"Sometimes the world of the dead gets mixed up with the world of the living."
Mrs. Mills
"The Others" (2001)
I have a lot of admiration for Nicole Kidman.
I believe she has given some brilliant performances — even if she hasn't always had great material with which to work.
That wasn't the problem with the film that premiered 10 years ago today — "The Others."
"The Others" was a top–notch ghost story, and I thought Kidman did a great job of portraying an ordinary woman caught up in extraordinary circumstances but striving, nevertheless, to make everything seem as ordinary as possible.
That's a tall order when your children are so light–sensitive that they must be protected from sunlight at all times.
I suppose that should have been considerably more than a hint to Kidman's character that things weren't what they appeared to be — but if people behaved logically in ghost stories, there would be no ghost stories, would there?
Actually, I think 2001 was the year Kidman really emerged as a major actress, even though she had been around for quite awhile — and in some high–profile roles, too.
She had been showing up in movies for several years, but she really began to catch people's attention in her American debut in 1989's "Dead Calm," and she continued to get attention with roles opposite Tom Cruise, Dustin Hoffman and Michael Keaton. Then she seemed to break out as a star in her own right in 1995's "To Die For."
But then she vanished from the scene, re–emerging as Cruise's co–star in "Eyes Wide Shut." The next time folks heard from Kidman, she and Cruise were splitting up, and she embarked on the next phase of her career.
In 2001, Kidman returned to the silver screen with "Moulin Rouge!" (a musical), "The Others" (a ghost story) and "Birthday Girl" (a crime/love story), demonstrating her versatility.
She went on to co–star with Meryl Streep and Julianne Moore in "The Hours" and won an Oscar.
Her career has been sporadic in recent years, but I think she really became a major film star 10 years ago — and "The Others" had a lot to do with that.

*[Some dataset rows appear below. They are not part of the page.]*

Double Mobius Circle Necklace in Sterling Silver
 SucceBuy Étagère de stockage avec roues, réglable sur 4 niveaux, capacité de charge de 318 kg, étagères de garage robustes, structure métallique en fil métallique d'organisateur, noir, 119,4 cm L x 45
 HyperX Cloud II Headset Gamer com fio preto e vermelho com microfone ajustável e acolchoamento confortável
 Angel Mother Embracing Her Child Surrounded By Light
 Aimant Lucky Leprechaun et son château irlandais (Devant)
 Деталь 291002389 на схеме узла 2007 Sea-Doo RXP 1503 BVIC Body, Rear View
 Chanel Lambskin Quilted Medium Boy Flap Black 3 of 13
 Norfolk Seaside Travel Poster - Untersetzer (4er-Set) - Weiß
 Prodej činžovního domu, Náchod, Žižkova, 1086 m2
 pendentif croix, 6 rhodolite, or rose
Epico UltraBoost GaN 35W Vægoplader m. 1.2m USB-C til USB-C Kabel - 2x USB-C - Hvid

Now, she has reached a point where she can select her projects with more discrimination.
A lot of folks didn't really notice at the time, though. "The Others" had been in theaters only a month when the 9/11 attacks occurred, and, like just about everything else, it was overshadowed by that event.
I won't take time and space discussing the story in "The Others" because you might want to watch a good ghost story when Halloween rolls around in a couple of months.
But I will tell you it was set in the English countryside (aren't all really good, spooky ghost stories set in the English countryside — or something very similar?) around the end of World War II.
I've heard "The Others" compared — unfavorably — to "The Sixth Sense," which was released a couple of years earlier. The comparison isn't really fair. Both films deal with life and the existence of the afterlife, but I found more of a supernatural emphasis in "The Others" — and that meant a story that I found to be more thought–provoking. Not necessarily better, just more thought–provoking.
"The Sixth Sense," on the other hand, seemed to appeal more to the tastes of horror film fans — blood, gore, repugnant images, the stuff that makes you jump in your seat and gives you goose pimples and a definite chill down your back.
(Similarly, I guess, I always found the book upon which the movie "The Exorcist" was based to be better than the movie itself. The movie was obsessed with the flashy special effects of possession while the book delved more deeply into the subject of the rite of exorcism and religious issues.)
If you haven't seen "The Others" before, it has a real twist ending in store for you. You might — in fact, you probably will — need to watch it a second (or third) time to catch what you missed the first.
That is how it was with "The Sixth Sense" — and isn't it true of the best supernatural thrillers?